EXERCISE DIRECTIONS: If a line below falls between the line with "фото идея тату" and the line with "X0000103161480200809051648", or is one of those two, output it exactly; output nothing else and no pictures.

PROVIDED INFORMATION:
-*-*-
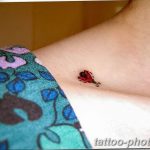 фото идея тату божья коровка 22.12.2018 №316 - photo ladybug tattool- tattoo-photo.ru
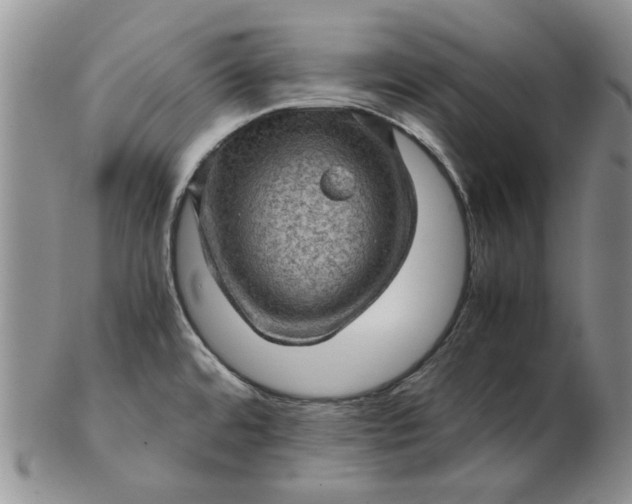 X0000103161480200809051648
-*-*-
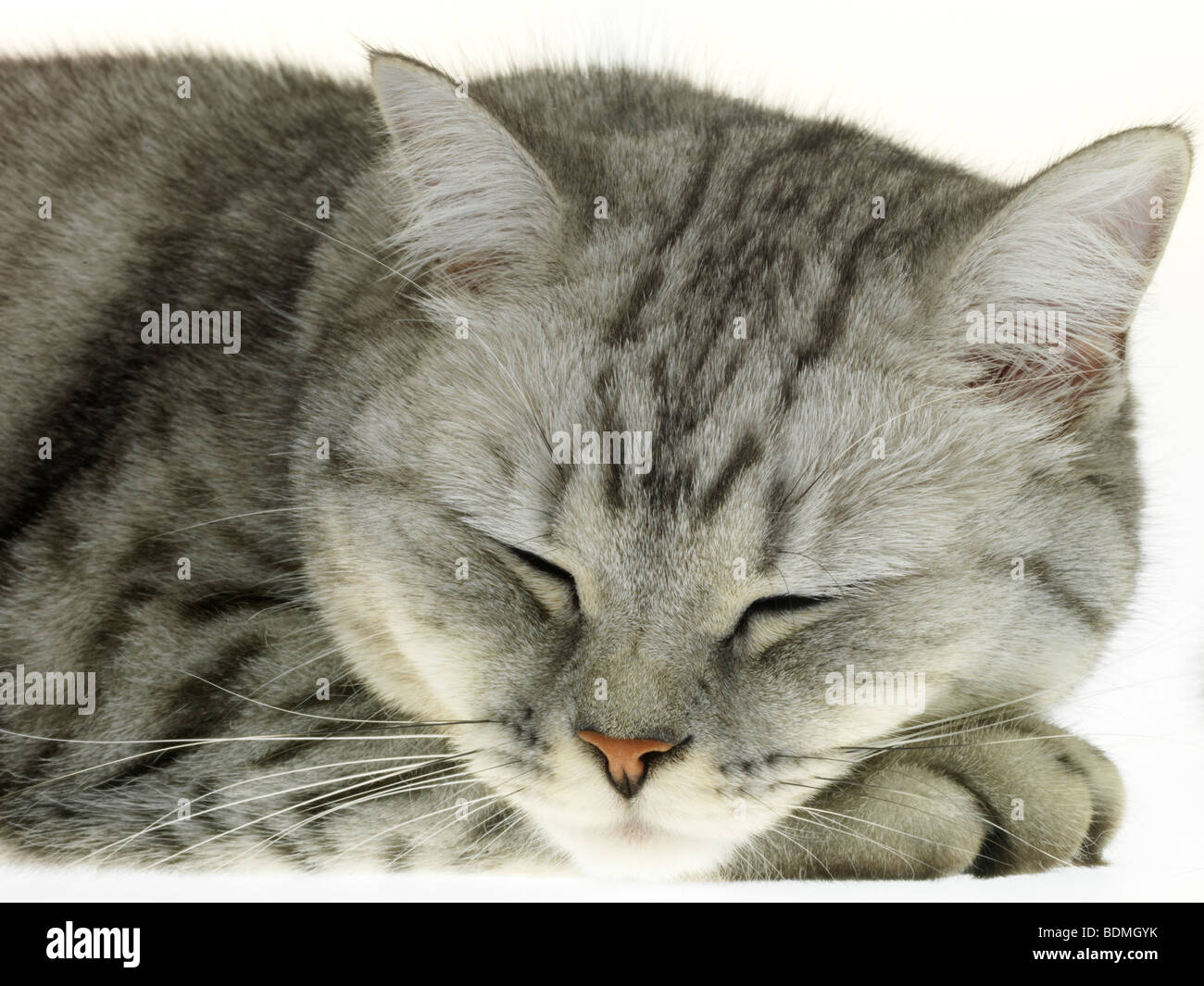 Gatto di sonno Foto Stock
-*-*-
REPLY:
 фото идея тату божья коровка 22.12.2018 №316 - photo ladybug tattool- tattoo-photo.ru
 X0000103161480200809051648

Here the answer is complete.